Thursday, February 12, 2009

OnlineSpin: The Fourth Estate For The Future


Last week Dave wrote "WWGD: Why Google TV Won't Match Google Search."

Robert Formentin wrote, "Thanks for your perspective on this, Dave.

This subject came up recently on the Old Timers List.

I think there is a more fundamental reason Google has not succeeded in print and will probably not succeed in TV.

Google=Search, that's it.

They may be marginally successful in other areas, but they will never dominate any market other than search.

History proves this to be true.

Precisely why Yahoo is failing at being a search engine.

It never was.

And why AOL is failing. Losing your identity is the beginning of the end."

Thursday, February 12, 2009
The Fourth Estate For The Future
By Dave Morgan

I know, I know. I said that I wasn't going to write about the newspaper industry anymore. But don't worry, I'm not. Today's column is about something much bigger and more important than just the newspaper industry. It is about the watchdog role of media and my concerns about who will fill that role for us in the future, as traditional media companies -- newspapers, local broadcasters and news magazines -- become less and less able to do so.

It is plain that these companies are shrinking, and that many will go away. While much industry discussion has focused on the likely business consequences of this collapse, there hasn't yet been enough discussion about who out there will relentlessly watch and report for us on governments and courts and crime and business and our neighborhoods and the environment.

While most people focus on the high-profile role that the media plays in exposing events like Watergate, the vast majority of media's Fourth Estate role happens in relative obscurity. Take government records, for example. Just because some government records are called "public" doesn't automatically make them available to the public. Someone has to fight for access to them. Someone has to find them. Someone has to copy them. Someone has to interpret them. Someone has to report them. Someone has to publish them. And then, those someones have to do it all over again, day after day, month after month, year after year.

Today's Associated Press story revealing the appraised value of Facebook provides a great example of creative sleuthing by a determined journalist: "Large portions of that hearing are redacted in a transcript of the June hearing, but The Associated Press was able to read the blacked-out portions by copying from an electronic version of the document and pasting the results into another document."

It is this kind of work that regularly brings important news to light, from reporting on local school board negotiations with teachers' unions, publishing how Merrill Lynch "bonused" its executives with taxpayer bail-out money, or tracking political contributions from government contractors. This stuff matters. It matters a lot.

Unlike some others, however, I do not believe that the Fourth Estate will just disappear as the newsrooms of traditional media companies contract. Or, said differently, I don't believe that a "Fourth Estate vacuum" will exist for long. I believe that people care too much about these issues, so entrepreneurs will step in and fill the void. I believe in what Jeff Jarvis calls "Entrepreneurial Journalism."

What will the Fourth Estate of the future look like?

I think that our new media watchdogs will look more like craigslist or Google or Facebook than they will newspapers or news magazines or evening news shows. I can imagine new journalists -- maybe trench-savvy citizen journalists -- building specialized search engines or mash-ups that crawl public records and permit citizens to dig and find just what they're looking for, and then create mash-ups of their own with maps, graphs and other databases.

I can imagine citizen-to-citizen information exchanges like craigslist where these new journalists can post these findings and connect to others with relevant information, compare notes and coordinate efforts.
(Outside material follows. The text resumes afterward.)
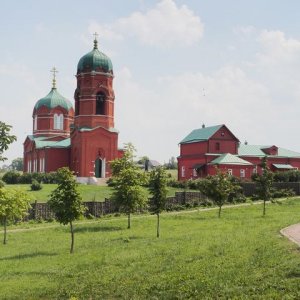 Тульский музей стал лауреатом престижной Национальной премии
I imagine these new journalists will use blog platforms to publish this information and create comment-driven discussions of their findings with others. I imagine they will use photo-sharing sites to upload and share images and graphics that help tell their story. I imagine they will use video distribution platforms like YouTube to distribute videos of their interviews or videos of public meetings and events as well as their own commentary. I imagine they will use meeting and event organization platforms like MeetUp to create face-to-face meetings of other folks that care. I imagine some will use self-publishing book platforms like Lulu to publish both print and e-books filled with their research and commentary.

I think that we should stop mourning the Fourth Estate. I think that we should stop spending so much time and money trying to find new business models to support the outdated, costly and wasteful media distribution methods of old, and focus instead on building a new Fourth Estate that leverages all of these new, amazing, inexpensive and accessible -- and, many times, free -- Web-based information platforms that can impact a billion people around the world in real time.

Now is the time to look forward, not backward. Now is the time to focus on the noble mission of the Fourth Estate and the societal importance of shining light on the actions of governments, politicians, businesses and criminals.

That is what matters, not the smell and feel of newsprint or the baritone voice of the news anchor. That's my opinion. What do you think?

 

 

Dave Morgan, founder of TACODA and Real Media, is Chairman of -- and a partner in -- The Tennis Company, which owns TENNIS.com, and TENNIS and SMASH Magazines.